OIDC Certification

[robotdan]

OpenID Connect Certification

Problem

There may be some edge cases FusionAuth does not cover in our current OIDC implementation. There may also be some customers who require or desire OIDC certification in their IAM solution of choice.

Solution

Complete self certification of OIDC.

Alternatives/workarounds

N/A

Additional context

https://openid.net/certification/ https://openid.net/certification/faq/ https://openid.net/developers/certified/

Known Issues

• The OpenID Connect Provider Configuration Request does not prefix the issuer in the URL ( https://openid.net/specs/openid-connect-discovery-1_0.html#ProviderConfigurationRequest ) See https://github.com/FusionAuth/fusionauth-issues/issues/359#issuecomment-596710077

Related Issues

• https://github.com/FusionAuth/fusionauth-issues/issues/201
• https://github.com/FusionAuth/fusionauth-issues/issues/465
• https://github.com/FusionAuth/fusionauth-issues/issues/521
• https://github.com/FusionAuth/fusionauth-issues/issues/1111

How to vote

Please give us a thumbs up or thumbs down as a reaction to help us prioritize this feature. Feel free to comment if you have a particular need or comment on how this feature should work.

[andrew-landsverk-win]

I was evaluating IdP solutions for an upcoming project. We are looking to use all OIDC certified libraries and providers and the first roadblock we found with FusionAuth is the Provider Document URL is in the wrong order, so tools that need to take the Issuer and append /.well-known/openid-configuration do not work because the tenant ID comes after it for FusionAuth.
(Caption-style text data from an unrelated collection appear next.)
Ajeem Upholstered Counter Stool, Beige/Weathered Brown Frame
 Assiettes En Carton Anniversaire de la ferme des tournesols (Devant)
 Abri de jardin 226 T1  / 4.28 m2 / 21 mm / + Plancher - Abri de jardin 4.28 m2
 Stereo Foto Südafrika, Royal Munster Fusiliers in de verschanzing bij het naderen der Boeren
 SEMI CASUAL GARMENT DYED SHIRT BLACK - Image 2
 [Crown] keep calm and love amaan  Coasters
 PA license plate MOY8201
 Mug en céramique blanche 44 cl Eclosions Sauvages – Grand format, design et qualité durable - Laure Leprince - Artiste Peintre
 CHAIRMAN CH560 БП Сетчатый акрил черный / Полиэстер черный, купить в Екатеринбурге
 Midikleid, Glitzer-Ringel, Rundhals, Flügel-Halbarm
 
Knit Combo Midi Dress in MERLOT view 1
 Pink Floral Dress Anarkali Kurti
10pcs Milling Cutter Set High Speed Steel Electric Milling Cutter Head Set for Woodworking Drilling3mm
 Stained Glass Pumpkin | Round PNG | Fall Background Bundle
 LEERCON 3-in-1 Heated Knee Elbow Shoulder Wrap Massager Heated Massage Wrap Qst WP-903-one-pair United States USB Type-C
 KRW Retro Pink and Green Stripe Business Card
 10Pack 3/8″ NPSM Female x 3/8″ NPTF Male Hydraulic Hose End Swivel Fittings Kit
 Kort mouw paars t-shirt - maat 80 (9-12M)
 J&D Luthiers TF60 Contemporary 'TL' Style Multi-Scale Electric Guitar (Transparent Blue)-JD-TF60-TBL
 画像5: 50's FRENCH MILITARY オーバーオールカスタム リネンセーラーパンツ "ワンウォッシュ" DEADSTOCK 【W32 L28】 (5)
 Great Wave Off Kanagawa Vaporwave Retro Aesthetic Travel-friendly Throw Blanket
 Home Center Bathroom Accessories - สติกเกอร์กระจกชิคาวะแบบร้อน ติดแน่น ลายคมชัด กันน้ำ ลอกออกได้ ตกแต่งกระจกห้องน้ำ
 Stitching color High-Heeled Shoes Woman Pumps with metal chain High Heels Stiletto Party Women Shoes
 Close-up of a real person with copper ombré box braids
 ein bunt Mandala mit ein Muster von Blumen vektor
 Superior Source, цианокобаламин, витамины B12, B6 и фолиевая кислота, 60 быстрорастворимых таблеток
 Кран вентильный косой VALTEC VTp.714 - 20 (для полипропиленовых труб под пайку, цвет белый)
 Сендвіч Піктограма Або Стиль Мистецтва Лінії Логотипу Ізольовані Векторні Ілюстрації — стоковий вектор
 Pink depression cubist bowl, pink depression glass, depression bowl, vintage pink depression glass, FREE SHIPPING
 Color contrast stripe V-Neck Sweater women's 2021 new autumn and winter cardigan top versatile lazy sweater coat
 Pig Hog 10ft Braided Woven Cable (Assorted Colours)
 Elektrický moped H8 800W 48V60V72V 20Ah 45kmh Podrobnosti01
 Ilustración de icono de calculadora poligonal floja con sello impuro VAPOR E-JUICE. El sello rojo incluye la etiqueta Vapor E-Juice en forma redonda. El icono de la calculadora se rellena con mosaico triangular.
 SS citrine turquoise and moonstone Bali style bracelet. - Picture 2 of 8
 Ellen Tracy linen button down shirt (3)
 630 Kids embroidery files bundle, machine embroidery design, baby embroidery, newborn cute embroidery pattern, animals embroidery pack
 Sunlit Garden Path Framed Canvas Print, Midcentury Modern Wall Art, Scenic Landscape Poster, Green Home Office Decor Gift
Please see the referenced spec: https://openid.net/specs/openid-connect-discovery-1_0.html#ProviderConfigurationRequest

[robotdan]

Thanks for the comment @andrew-landsverk-win . Appreciate the feedback, we'll take a look.

[mooreds]

You can run through a certification test using https://www.certification.openid.net/ which will give us an idea of what the gaps are.

[mooreds]

I was evaluating IdP solutions for an upcoming project. We are looking to use all OIDC certified libraries and providers and the first roadblock we found with FusionAuth is the Provider Document URL is in the wrong order, so tools that need to take the Issuer and append /.well-known/openid-configuration do not work because the tenant ID comes after it for FusionAuth. Please see the referenced spec: https://openid.net/specs/openid-connect-discovery-1_0.html#ProviderConfigurationRequest

@andrew-landsverk-win looks like your particular issue was resolved in https://github.com/FusionAuth/fusionauth-issues/issues/2259 , which was included in 1.46.0.

[andrew-landsverk-win]

@mooreds - Thanks for the reply! I see that the application has received updates to make it more "standards compliant" and I really appreciate it. At this time, however, we are not pursuing alternative libraries for authentication. Thank you though!!

[mooreds]

Thanks @andrew-landsverk-win . What solution did you end up going with, if you don't mind sharing?

[andrew-landsverk-win]

@mooreds we went with Keycloak.

[mooreds]

Thanks @andrew-landsverk-win ! appreciate the feedback.